DESPITE her grandmothers and mother being keen knitters, Jo Severino said she was always more interested in learning to crochet.

A tiny crochet dog her great grandmother made for her that became a prized possession left an imprint on her that’s lasted ever since.

“When I was about five, I used to visit my great grandmother at the nursing home, and she used to crochet little animals and doilies and teapot holders,” Severino said.

“My mum and grandmothers were knitters but I wanted to crochet, and they didn’t.”

Severino remembered a road trip across Australia where she sat in the middle of the back seat between her two brothers who were learning to knit themselves footy scarves.

“I spent the trip undoing their mistakes, knitting a few rows, giving it back,” she said.

“I was six or seven. So I could knit and sew from a very young age.”

Living in Pakenham at the time, her mum purchased a spinning wheel to make wool from the family’s sheep.

“She didn’t let me use it,” Severino said.

“And I remember feeling really put out because she taught me to do every other craft that we ever did, but she was very protective of it.”

As an adult, Severino lived in America where she spent her time sewing and quilting, though the desire to spin wool never left her.

When she got sheep, she was finally able to fulfill her dream of buying a spinning wheel and learning to spin.

“I thought I’ll teach myself to spin, so I bought a Dutch spinning wheel and we’d sheer the sheep and I’d start spinning,” she said.

At the time, Severino was working at a produce farm, and began making herself crocheted fingerless gloves from the wool she’d spun.

“The girls at work saw my fingerless gloves and said ‘could you make me a pair?’” she said.

“So I made a few pairs and then they said ‘you should sell them here at the farm’. I made about a dozen pairs and had a market stand.”

On returning to Australia, she remembered visiting an aunt in Broken Hill as a teenager, and decided that was where she wanted to live.

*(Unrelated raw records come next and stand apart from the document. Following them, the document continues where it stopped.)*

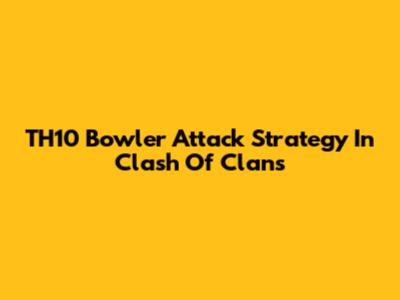 TH10 Bowler Attack Strategy In Clash Of Clans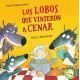 LOS LOBOS QUE VINIERON A CENAR (Cartoné)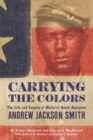 Carrying the Colors : The Life and Legacy of Medal of Honor Recipient Andrew Jackson Smith - eBook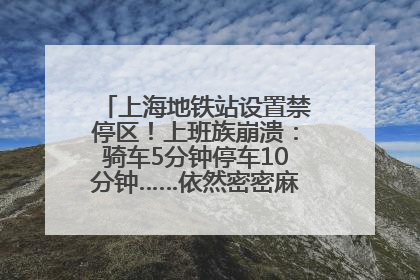 上海地铁站设置禁停区！上班族崩溃：骑车5分钟停车10分钟……依然密密麻麻无从下脚？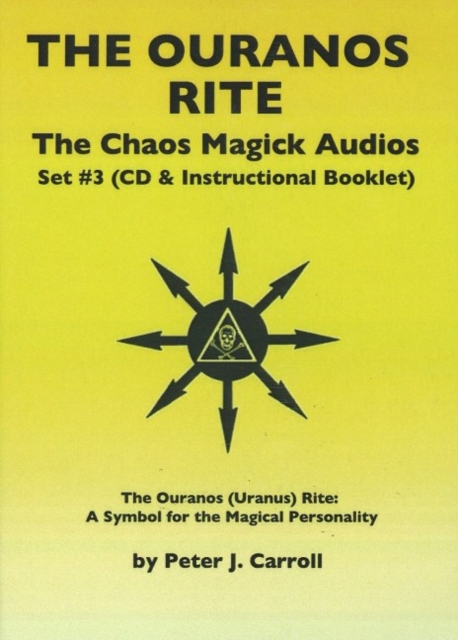 Chaos Magick Audios CD : Volume III: The Ouranos Rite -- A Symbol of the Magical Personality, CD-Audio Book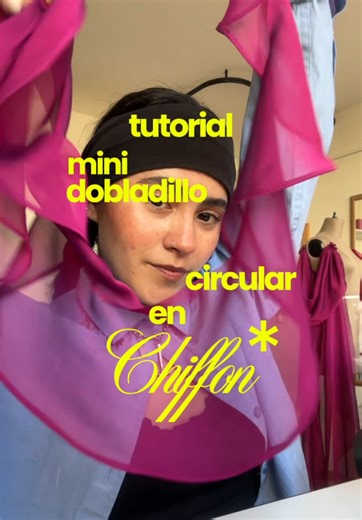 Tutorial Mini Dobladillo Circular en Chiffon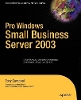 Pro Windows Small Business Server 2003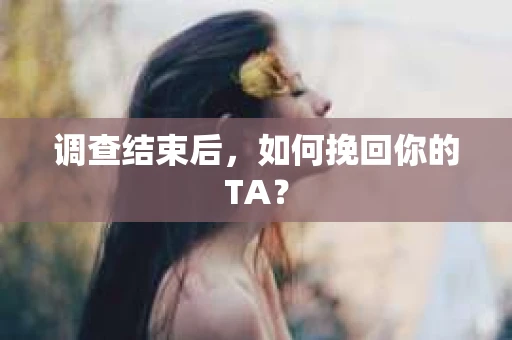 调查结束后，如何挽回你的TA？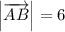 \Big | \overrightarrow{AB} \Big | = 6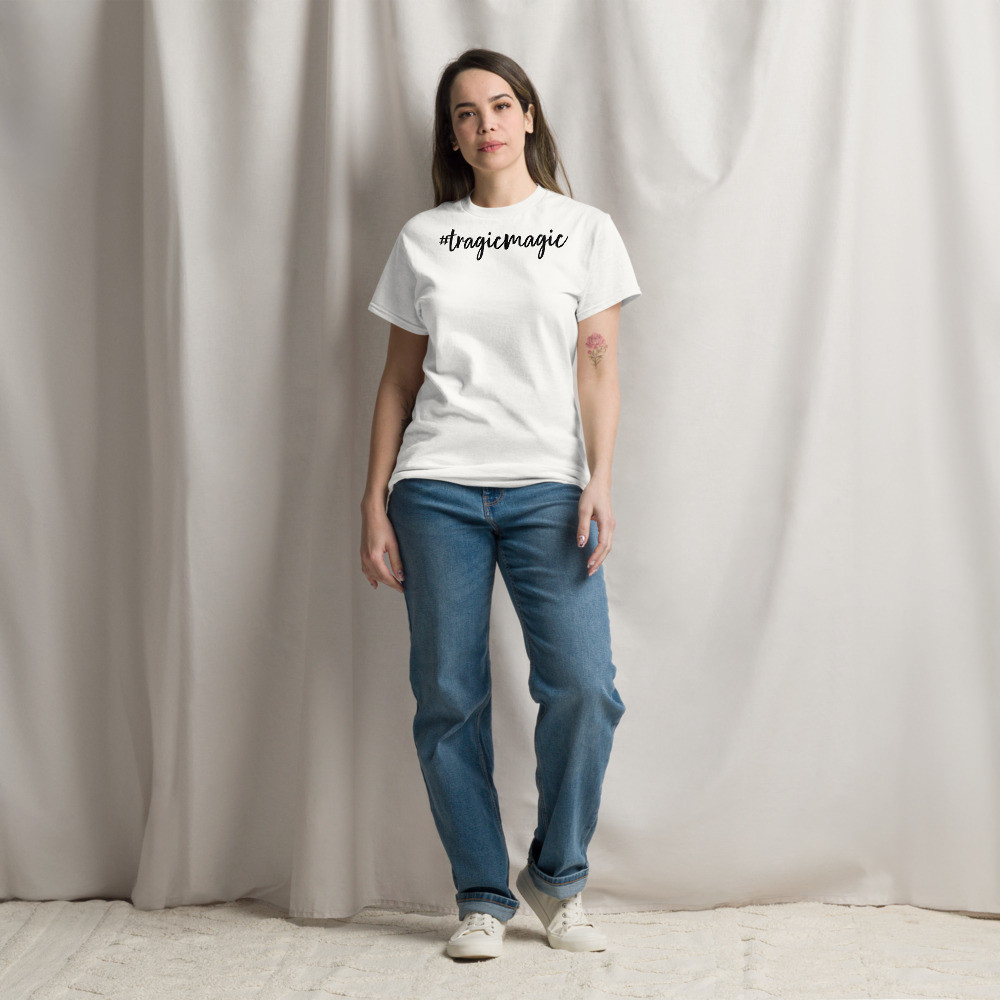 Unisex classic tee Tragic Magic - Kimberly Kay Edition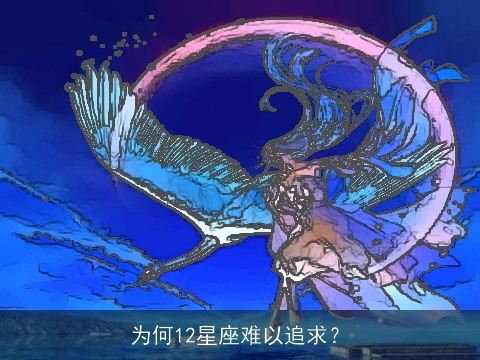 为何12星座难以追求？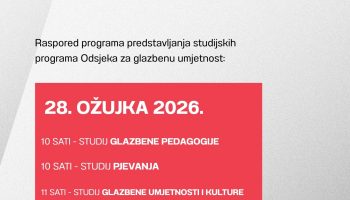 Dan otvorenih vrata Odsjeka za glazbenu umjetnost (28.3.2026.)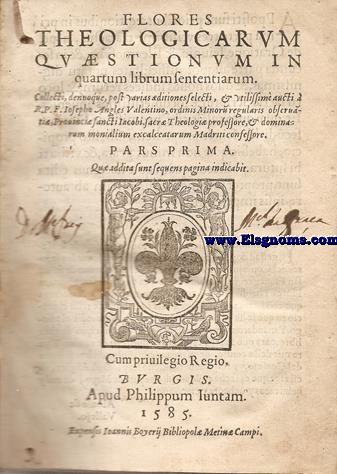 Flores/Theologicarum/Quaestionum In/quartum librum sententiarum./Collecti,denuoque, post/varias ditiones selecti,& utilissim aucti a/ R.P.F... Valentino,ordinis Minorum regularis Observanti,Provinci Sancti Iacobi,Sacr Theologi professore,& dominarum monialium excalceatarum Madriti confessore.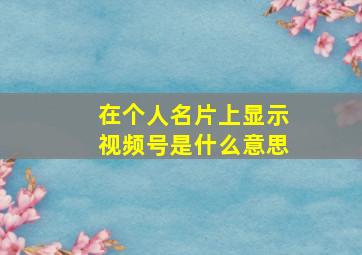 在个人名片上显示视频号是什么意思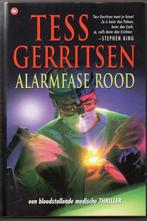 Tess Gerritsen - Alarmfase rood, Boeken, Ophalen of Verzenden, Gelezen, Tess Gerritsen, Nederland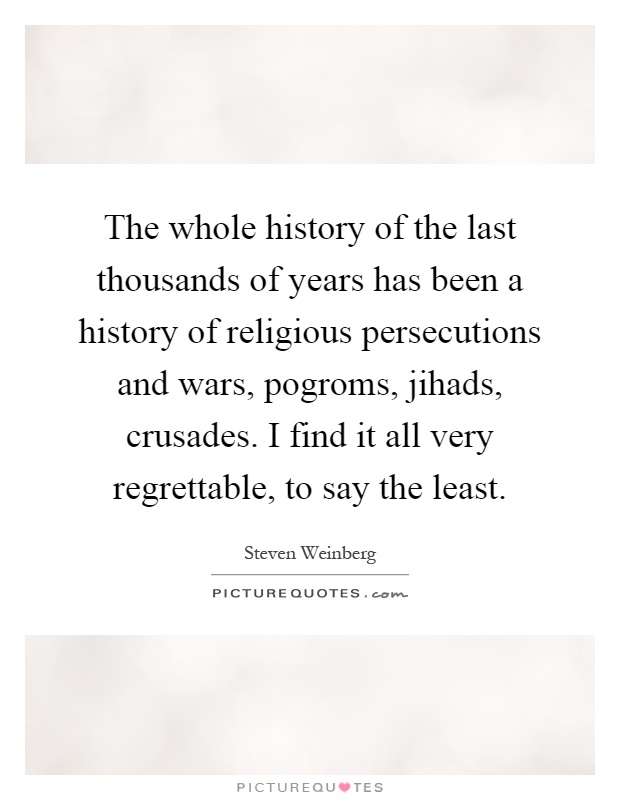 The whole history of the last thousands of years has been a history of religious persecutions and wars, pogroms, jihads, crusades. I find it all very regrettable, to say the least Picture Quote #1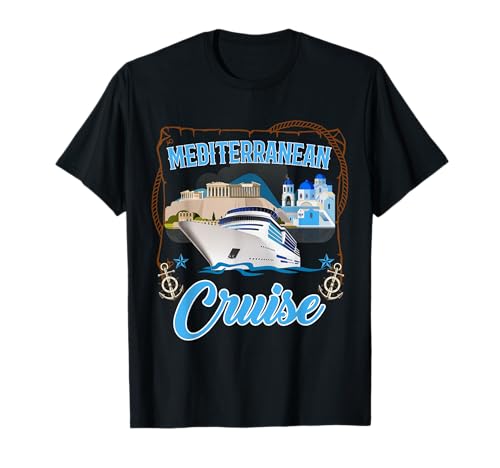 Mediterranean Cruise Tshirt for Men, Women, Boys and Girls T-Shirt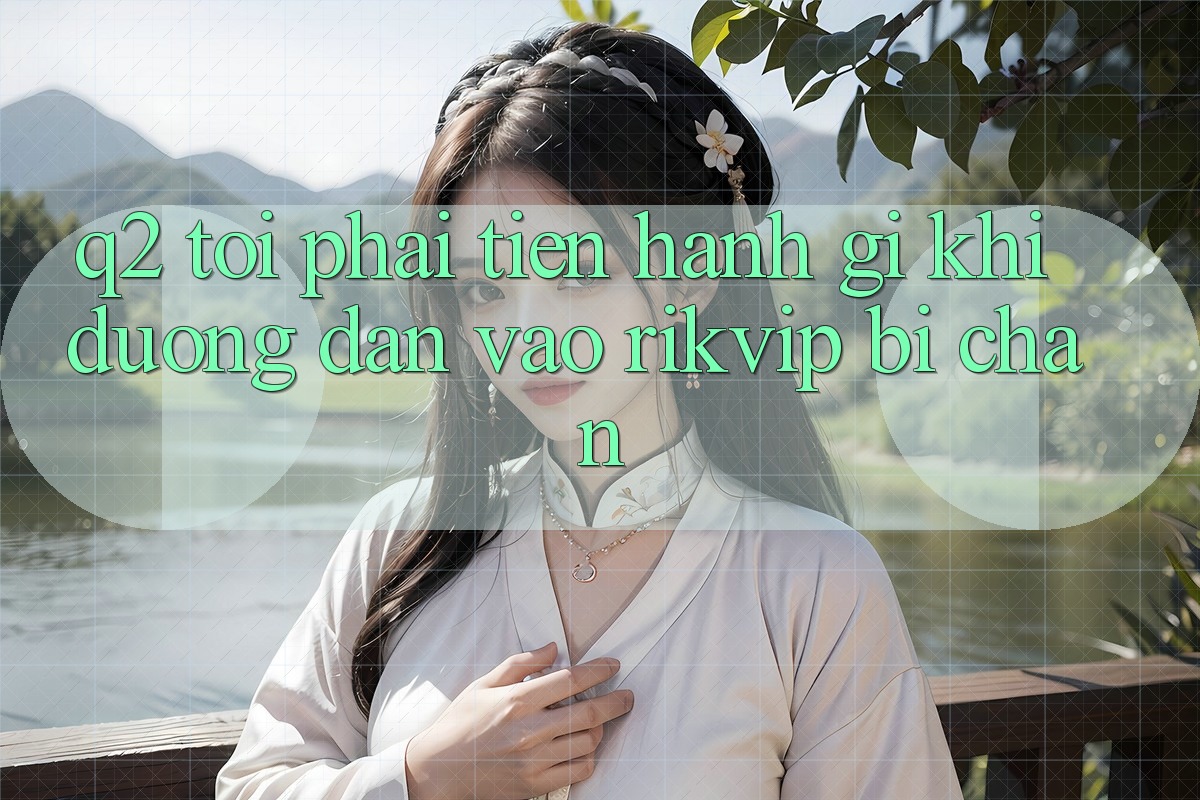 Q2: Tôi phải tiến hành gì khi đường dẫn vào Rikvip bị chặn?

“I thought, where am I going to make my home? And Broken Hill is hot, it’s in the desert, there’s an art scene, a school, and I thought what more do I need?” she said.

Severino now works as a teacher, and crochets gloves and tops that she sells at the Broken Hill Community markets under Mandala Fibre Arts.

She also teaches crochet workshops at the Broken Hill Art Exchange, and said moving to the Outback was one of the best decisions she’s made.

“I haven’t regretted for one minute moving to this town!” she said.

She’ll be selling her handmade crochet goods at this weekends Broken Hill Art Exchange Makers Market in the Kitchen Gallery at the Grand Hotel between 9am-1pm on Saturday.